House of Commons Hansard #235 of the 36th Parliament, 1st Session. (The original version is on Parliament's site.) The word of the day was environment.

Topics

Order In Council Appointments
Routine Proceedings

10:05 a.m.

Peterborough
Ontario

Liberal

Peter Adams Parliamentary Secretary to Leader of the Government in the House of Commons

Mr. Speaker, I am pleased to table in both official languages a number of order in council appointments which were made by the government.

Pursuant to the provisions of Standing Order 110(1), these are deemed referred to the appropriate standing committees, a list of which is attached.

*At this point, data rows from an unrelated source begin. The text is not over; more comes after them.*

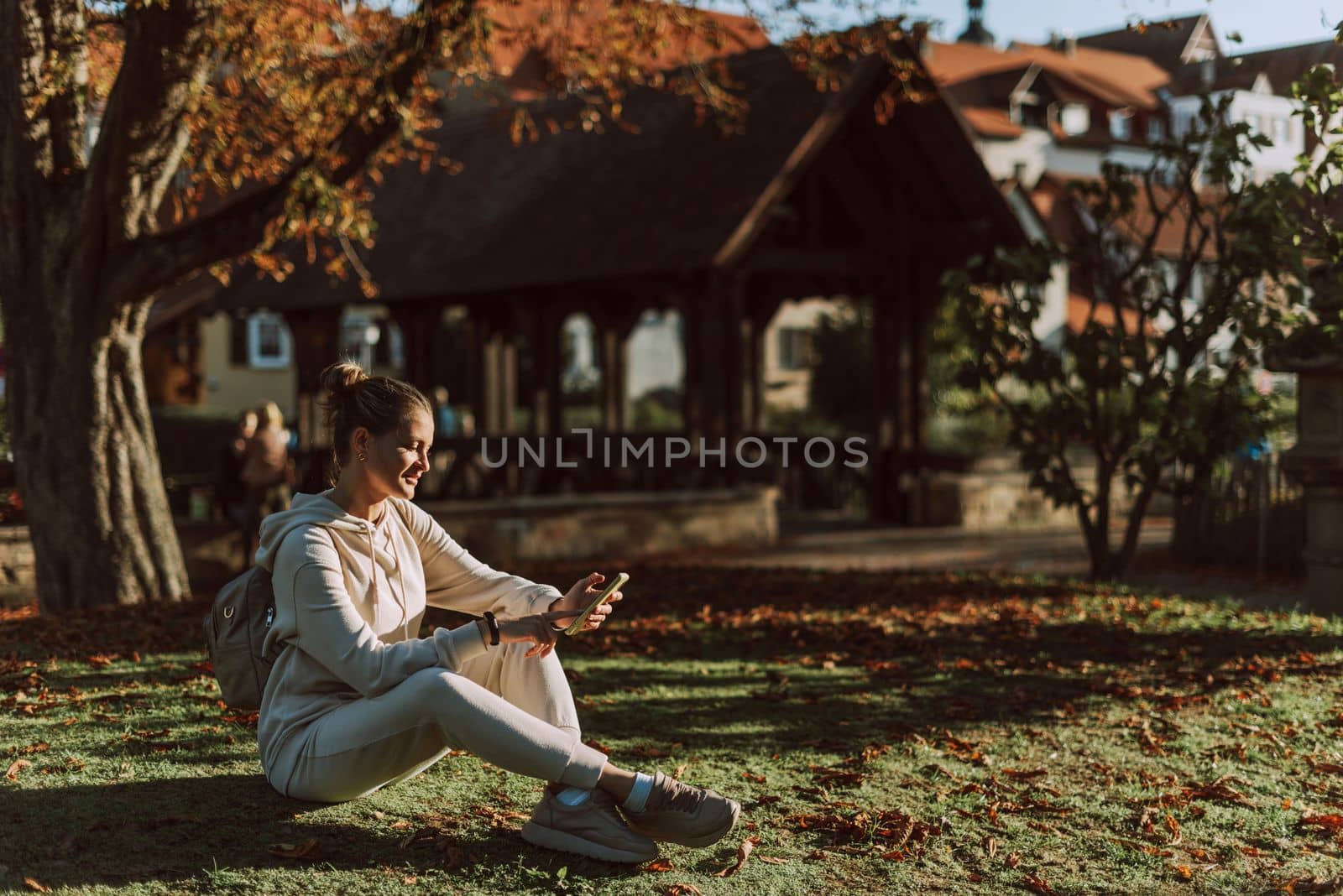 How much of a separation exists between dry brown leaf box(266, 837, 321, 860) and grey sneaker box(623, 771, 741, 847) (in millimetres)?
977

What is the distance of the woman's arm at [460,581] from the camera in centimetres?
492

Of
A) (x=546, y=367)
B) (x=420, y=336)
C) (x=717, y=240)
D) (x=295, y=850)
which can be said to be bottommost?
(x=295, y=850)

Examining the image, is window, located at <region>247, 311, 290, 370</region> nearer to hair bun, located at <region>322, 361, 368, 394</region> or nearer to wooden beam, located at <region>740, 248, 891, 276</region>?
wooden beam, located at <region>740, 248, 891, 276</region>

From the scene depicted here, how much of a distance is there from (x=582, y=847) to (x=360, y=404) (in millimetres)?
1515

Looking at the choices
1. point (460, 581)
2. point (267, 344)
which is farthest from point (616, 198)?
point (267, 344)

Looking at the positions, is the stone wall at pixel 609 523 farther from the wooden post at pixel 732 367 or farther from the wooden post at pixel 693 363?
the wooden post at pixel 693 363

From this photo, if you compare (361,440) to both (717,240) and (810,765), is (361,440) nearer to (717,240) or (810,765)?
(810,765)

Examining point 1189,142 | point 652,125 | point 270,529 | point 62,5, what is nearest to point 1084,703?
point 270,529

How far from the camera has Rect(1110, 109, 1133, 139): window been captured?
54.4 m

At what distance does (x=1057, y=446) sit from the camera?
1240 cm

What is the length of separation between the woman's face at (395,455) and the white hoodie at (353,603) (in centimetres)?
15

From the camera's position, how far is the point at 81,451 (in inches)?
406

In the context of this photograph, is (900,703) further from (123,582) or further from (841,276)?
(841,276)

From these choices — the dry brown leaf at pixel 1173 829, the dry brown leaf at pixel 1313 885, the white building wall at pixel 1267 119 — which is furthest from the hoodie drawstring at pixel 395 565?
the white building wall at pixel 1267 119
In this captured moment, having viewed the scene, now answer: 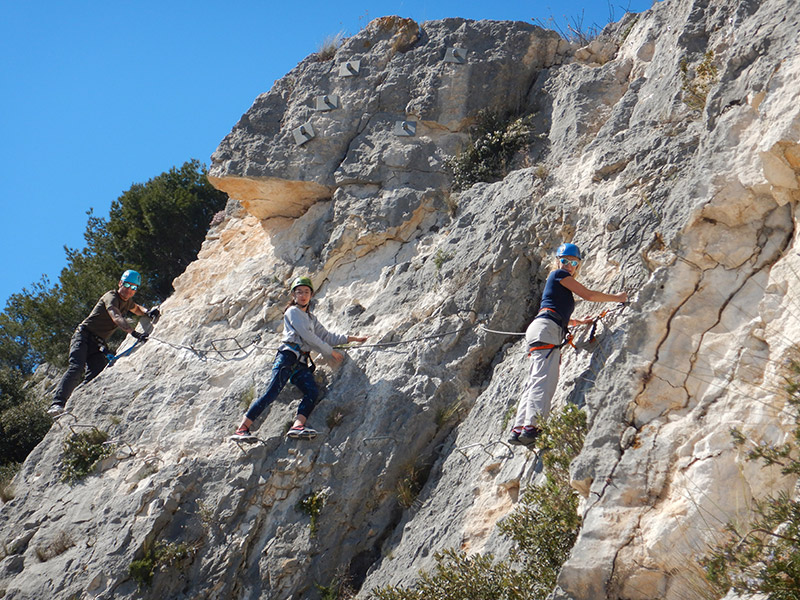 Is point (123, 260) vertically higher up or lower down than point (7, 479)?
higher up

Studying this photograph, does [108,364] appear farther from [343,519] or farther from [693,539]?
[693,539]

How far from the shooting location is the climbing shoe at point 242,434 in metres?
9.34

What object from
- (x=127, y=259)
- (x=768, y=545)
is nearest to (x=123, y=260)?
(x=127, y=259)

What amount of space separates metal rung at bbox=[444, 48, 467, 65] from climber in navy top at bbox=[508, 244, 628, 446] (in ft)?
18.1

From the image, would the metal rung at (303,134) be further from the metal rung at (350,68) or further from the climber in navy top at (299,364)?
the climber in navy top at (299,364)

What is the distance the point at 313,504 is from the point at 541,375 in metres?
3.03

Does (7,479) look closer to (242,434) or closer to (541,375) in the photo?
(242,434)

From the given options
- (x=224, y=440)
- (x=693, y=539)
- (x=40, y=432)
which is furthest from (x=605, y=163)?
(x=40, y=432)

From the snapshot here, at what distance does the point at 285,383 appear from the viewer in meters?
9.48

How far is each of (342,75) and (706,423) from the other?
28.4 ft

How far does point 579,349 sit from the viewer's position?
25.3 ft

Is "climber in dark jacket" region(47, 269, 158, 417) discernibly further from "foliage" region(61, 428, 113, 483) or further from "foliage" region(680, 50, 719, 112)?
"foliage" region(680, 50, 719, 112)

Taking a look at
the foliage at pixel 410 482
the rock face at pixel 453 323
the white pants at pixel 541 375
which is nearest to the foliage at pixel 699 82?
the rock face at pixel 453 323

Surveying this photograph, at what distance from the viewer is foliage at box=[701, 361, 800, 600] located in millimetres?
5148
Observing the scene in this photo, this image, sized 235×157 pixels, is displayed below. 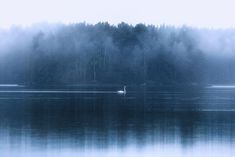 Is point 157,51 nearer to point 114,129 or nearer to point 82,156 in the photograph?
point 114,129

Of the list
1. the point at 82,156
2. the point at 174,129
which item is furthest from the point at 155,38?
the point at 82,156

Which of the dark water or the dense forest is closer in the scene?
the dark water

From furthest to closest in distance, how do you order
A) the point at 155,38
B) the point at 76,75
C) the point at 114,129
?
the point at 155,38
the point at 76,75
the point at 114,129

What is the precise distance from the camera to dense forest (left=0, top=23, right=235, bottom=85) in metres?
161

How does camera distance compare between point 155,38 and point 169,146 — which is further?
point 155,38

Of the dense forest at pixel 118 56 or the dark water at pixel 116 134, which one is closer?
the dark water at pixel 116 134

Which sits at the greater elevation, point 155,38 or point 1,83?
point 155,38

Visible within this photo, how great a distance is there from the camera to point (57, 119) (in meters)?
39.7

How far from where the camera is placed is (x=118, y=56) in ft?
552

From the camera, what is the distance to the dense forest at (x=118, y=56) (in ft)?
529

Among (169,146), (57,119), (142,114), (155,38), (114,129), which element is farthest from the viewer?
(155,38)

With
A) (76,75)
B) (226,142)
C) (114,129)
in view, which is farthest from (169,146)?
(76,75)

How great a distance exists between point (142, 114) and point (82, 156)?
74.1 feet

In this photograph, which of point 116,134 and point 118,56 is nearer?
point 116,134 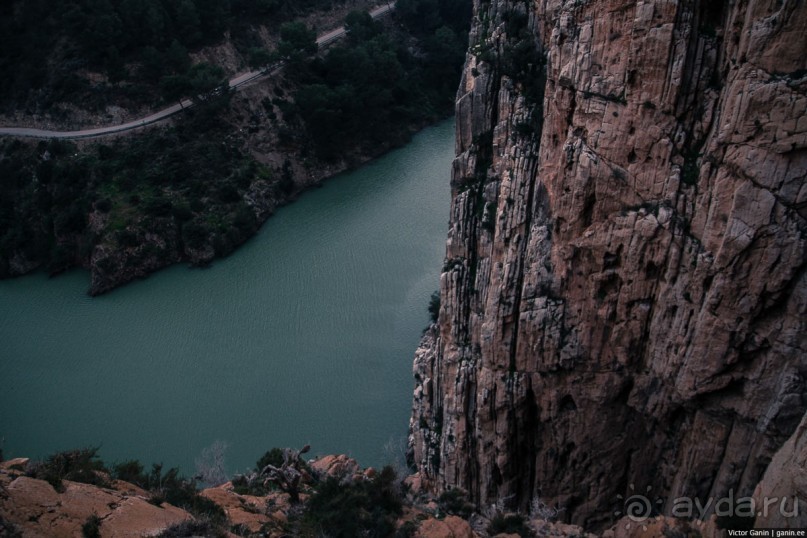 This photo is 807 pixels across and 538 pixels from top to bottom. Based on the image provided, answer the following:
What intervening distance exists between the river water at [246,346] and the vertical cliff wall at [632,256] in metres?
7.53

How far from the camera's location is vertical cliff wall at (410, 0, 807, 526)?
11.3 metres

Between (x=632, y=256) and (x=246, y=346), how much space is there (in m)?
19.4

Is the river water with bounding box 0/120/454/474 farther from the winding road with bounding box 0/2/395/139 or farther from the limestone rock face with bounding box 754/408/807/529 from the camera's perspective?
the limestone rock face with bounding box 754/408/807/529

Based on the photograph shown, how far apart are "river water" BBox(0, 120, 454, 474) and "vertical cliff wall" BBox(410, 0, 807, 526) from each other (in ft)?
24.7

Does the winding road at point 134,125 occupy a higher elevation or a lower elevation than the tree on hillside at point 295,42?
lower

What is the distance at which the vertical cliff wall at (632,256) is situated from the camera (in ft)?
37.1

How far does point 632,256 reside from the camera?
13461mm

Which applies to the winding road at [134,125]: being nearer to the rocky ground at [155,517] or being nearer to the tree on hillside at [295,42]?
the tree on hillside at [295,42]

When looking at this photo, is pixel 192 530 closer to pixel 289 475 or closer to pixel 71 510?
pixel 71 510

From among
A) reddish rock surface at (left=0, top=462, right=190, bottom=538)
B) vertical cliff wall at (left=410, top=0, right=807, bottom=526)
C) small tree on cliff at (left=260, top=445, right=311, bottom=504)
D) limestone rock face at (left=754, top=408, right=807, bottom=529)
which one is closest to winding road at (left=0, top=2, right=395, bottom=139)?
vertical cliff wall at (left=410, top=0, right=807, bottom=526)

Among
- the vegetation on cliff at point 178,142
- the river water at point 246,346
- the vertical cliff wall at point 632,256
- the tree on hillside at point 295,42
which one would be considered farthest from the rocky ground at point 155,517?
the tree on hillside at point 295,42

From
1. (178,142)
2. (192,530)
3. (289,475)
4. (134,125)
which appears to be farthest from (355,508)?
(134,125)

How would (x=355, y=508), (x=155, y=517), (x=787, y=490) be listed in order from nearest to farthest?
(x=787, y=490)
(x=155, y=517)
(x=355, y=508)

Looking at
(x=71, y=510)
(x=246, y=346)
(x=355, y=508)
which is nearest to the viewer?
(x=71, y=510) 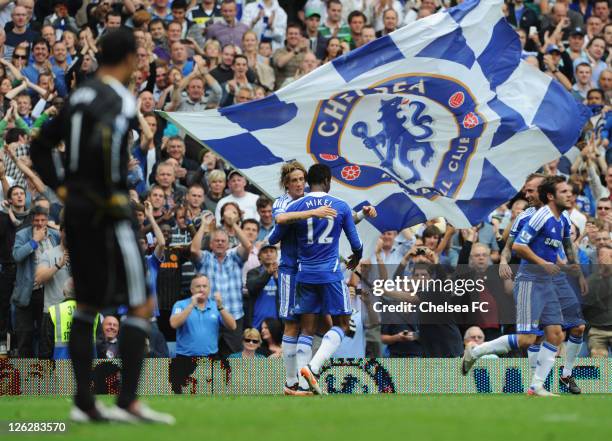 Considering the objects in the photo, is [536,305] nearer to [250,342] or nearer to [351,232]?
[351,232]

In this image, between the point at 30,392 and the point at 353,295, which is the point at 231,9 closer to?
the point at 353,295

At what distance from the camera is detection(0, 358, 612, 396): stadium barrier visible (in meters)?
15.1

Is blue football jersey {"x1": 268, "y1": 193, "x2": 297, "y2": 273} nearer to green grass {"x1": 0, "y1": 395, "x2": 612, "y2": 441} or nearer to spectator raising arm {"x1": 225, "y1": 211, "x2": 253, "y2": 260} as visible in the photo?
green grass {"x1": 0, "y1": 395, "x2": 612, "y2": 441}

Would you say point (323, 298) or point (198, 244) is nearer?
point (323, 298)

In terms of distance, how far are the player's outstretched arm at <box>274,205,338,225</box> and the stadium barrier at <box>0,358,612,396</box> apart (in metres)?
2.63

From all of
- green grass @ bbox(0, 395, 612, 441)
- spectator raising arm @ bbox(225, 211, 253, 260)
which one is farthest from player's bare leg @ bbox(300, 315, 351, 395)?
spectator raising arm @ bbox(225, 211, 253, 260)

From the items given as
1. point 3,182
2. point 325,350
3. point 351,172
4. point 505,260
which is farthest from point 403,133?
point 3,182

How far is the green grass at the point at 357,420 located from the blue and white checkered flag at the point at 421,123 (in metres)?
4.41

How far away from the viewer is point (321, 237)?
13562mm

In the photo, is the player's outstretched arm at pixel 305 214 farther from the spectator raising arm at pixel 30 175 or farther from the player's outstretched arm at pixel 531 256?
the spectator raising arm at pixel 30 175

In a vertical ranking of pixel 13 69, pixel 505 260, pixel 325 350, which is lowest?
pixel 325 350

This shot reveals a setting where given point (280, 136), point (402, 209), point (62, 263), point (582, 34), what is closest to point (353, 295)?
point (402, 209)

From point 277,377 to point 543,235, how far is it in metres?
3.74

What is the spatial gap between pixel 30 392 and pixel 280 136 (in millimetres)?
4482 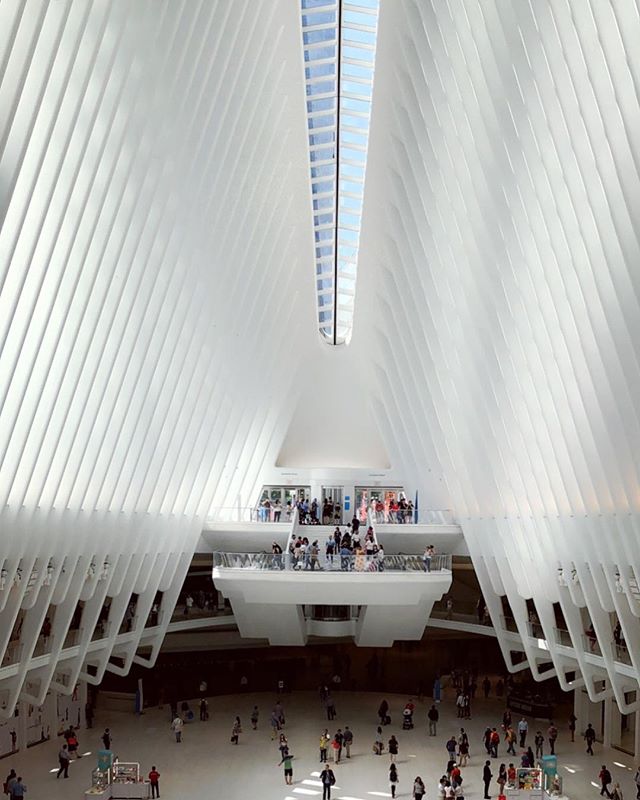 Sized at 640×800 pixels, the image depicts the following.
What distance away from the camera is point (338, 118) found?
73.5ft

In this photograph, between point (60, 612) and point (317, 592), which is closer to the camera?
point (60, 612)

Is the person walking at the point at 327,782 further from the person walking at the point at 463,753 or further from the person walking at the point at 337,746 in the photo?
the person walking at the point at 463,753

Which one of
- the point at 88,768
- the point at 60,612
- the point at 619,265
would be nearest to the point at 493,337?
the point at 619,265

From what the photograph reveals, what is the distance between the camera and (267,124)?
74.1ft

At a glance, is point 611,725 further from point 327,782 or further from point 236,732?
point 236,732

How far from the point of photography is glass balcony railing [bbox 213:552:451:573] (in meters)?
26.8

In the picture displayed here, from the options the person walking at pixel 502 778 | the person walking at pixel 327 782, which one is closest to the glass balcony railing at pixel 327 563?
the person walking at pixel 327 782

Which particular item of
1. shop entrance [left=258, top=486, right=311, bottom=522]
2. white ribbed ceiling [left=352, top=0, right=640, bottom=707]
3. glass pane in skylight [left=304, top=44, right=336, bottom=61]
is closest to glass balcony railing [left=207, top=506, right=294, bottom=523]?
shop entrance [left=258, top=486, right=311, bottom=522]

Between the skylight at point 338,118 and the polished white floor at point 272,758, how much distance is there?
14538 millimetres

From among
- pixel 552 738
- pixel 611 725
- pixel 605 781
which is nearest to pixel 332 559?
pixel 552 738

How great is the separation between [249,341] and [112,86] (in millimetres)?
13881

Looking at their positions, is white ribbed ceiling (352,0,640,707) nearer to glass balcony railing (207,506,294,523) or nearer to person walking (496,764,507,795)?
person walking (496,764,507,795)

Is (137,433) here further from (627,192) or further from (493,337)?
(627,192)

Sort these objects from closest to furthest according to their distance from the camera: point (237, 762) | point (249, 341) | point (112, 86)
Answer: point (112, 86) < point (237, 762) < point (249, 341) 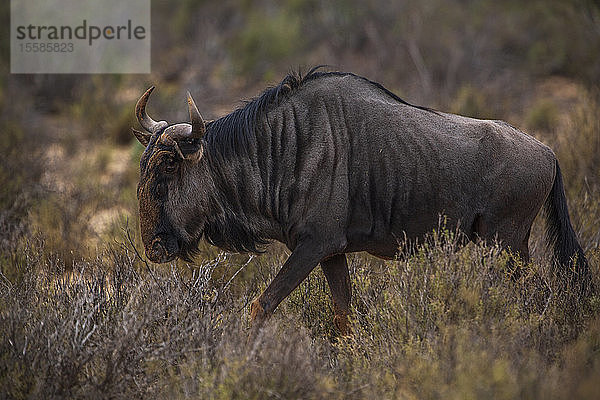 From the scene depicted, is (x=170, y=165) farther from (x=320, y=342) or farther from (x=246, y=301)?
(x=320, y=342)

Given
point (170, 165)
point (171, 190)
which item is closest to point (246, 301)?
point (171, 190)

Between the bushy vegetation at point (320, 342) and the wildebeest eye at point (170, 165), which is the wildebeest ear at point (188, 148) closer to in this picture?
the wildebeest eye at point (170, 165)

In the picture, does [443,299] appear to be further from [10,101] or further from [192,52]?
[192,52]

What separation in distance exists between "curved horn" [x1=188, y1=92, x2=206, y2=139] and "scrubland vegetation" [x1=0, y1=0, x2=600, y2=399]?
924mm

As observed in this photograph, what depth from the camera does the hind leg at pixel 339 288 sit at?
480 cm

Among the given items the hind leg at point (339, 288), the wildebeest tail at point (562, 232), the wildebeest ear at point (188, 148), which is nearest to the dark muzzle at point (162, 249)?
the wildebeest ear at point (188, 148)

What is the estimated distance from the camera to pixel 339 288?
4809 mm

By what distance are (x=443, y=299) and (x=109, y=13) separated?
1280cm

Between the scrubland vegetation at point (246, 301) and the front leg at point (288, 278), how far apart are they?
0.44 ft

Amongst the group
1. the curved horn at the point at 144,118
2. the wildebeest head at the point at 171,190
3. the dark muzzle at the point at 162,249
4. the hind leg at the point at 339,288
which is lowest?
the hind leg at the point at 339,288

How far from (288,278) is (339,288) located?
0.67 meters

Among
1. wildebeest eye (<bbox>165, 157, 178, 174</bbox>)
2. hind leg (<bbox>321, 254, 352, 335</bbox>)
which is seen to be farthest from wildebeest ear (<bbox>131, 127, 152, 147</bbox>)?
hind leg (<bbox>321, 254, 352, 335</bbox>)

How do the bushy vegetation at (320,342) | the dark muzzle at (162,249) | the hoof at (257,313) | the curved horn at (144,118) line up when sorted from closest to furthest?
the bushy vegetation at (320,342)
the hoof at (257,313)
the dark muzzle at (162,249)
the curved horn at (144,118)

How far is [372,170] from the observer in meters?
4.47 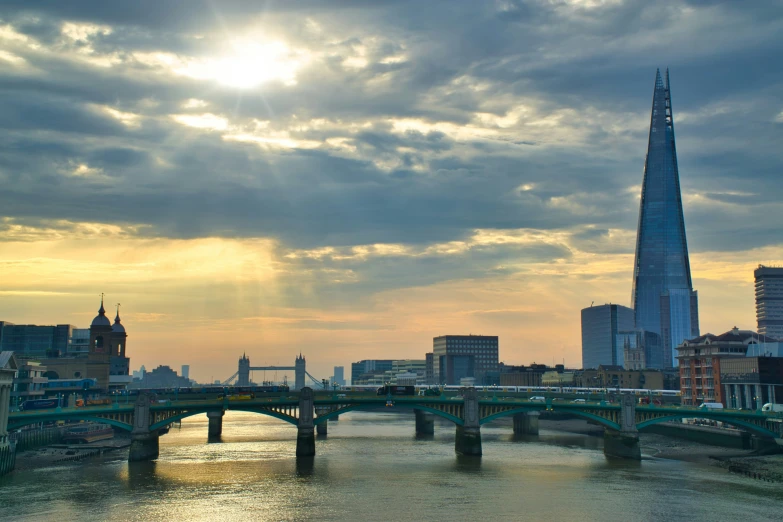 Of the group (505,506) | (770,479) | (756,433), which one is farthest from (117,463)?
(756,433)

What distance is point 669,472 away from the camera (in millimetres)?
126438

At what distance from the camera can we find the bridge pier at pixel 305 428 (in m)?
143

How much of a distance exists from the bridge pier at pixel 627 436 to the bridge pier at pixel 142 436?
3296 inches

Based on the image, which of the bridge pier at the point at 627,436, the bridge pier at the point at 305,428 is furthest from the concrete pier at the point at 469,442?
the bridge pier at the point at 305,428

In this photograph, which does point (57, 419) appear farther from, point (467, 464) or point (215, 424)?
point (467, 464)

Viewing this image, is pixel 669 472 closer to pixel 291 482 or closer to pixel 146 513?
pixel 291 482

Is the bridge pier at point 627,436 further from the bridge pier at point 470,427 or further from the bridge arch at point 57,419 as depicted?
the bridge arch at point 57,419

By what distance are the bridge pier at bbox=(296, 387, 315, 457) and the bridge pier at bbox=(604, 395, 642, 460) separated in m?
56.4

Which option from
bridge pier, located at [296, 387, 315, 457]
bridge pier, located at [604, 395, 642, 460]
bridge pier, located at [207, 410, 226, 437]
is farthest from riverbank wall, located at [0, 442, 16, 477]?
bridge pier, located at [604, 395, 642, 460]

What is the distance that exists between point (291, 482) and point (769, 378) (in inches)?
5198

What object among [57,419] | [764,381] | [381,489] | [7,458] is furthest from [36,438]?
[764,381]

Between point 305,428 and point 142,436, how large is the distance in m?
28.3

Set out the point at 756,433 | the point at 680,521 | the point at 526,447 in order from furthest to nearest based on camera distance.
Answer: the point at 526,447, the point at 756,433, the point at 680,521

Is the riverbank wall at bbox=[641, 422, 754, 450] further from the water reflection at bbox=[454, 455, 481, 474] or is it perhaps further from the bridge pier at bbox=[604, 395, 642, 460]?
the water reflection at bbox=[454, 455, 481, 474] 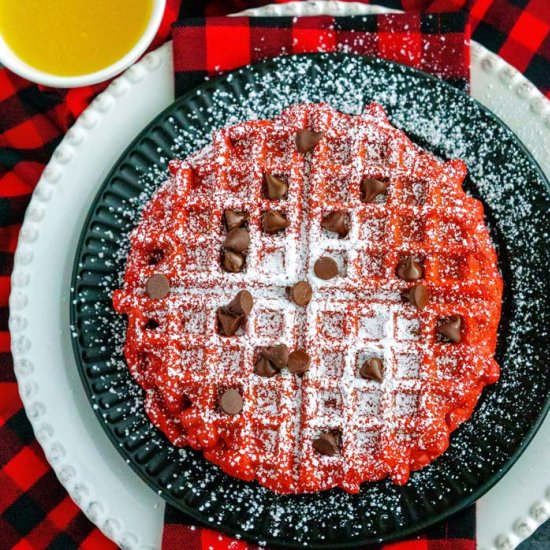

Government Response To Petitions
Routine Proceedings

10:05 a.m.

Peterborough
Ontario

Liberal

Peter Adams Parliamentary Secretary to Leader of the Government in the House of Commons

Mr. Speaker, pursuant to Standing Order 36(8), I have the honour to table, in both official languages, the government's response to four petitions.

Committees Of The House
Routine Proceedings

10:05 a.m.

Peterborough
Ontario

Liberal

Peter Adams Parliamentary Secretary to Leader of the Government in the House of Commons

Mr. Speaker, I have the honour to present the 76th report of the Standing Committee on Procedure and House Affairs regarding the membership of some standing committees, and I should like to move concurrence at this time.

(Motion agreed to)

Petitions
Routine Proceedings

10:05 a.m.

Bloc

Ghislain Lebel Chambly, QC

Mr. Speaker, I am pleased to table a petition on behalf of those who delivers mail in rural areas. The petitioners ask that section 13.5 of the Canada Post Corporation Act be amended to allow them to organize and bargain collectively.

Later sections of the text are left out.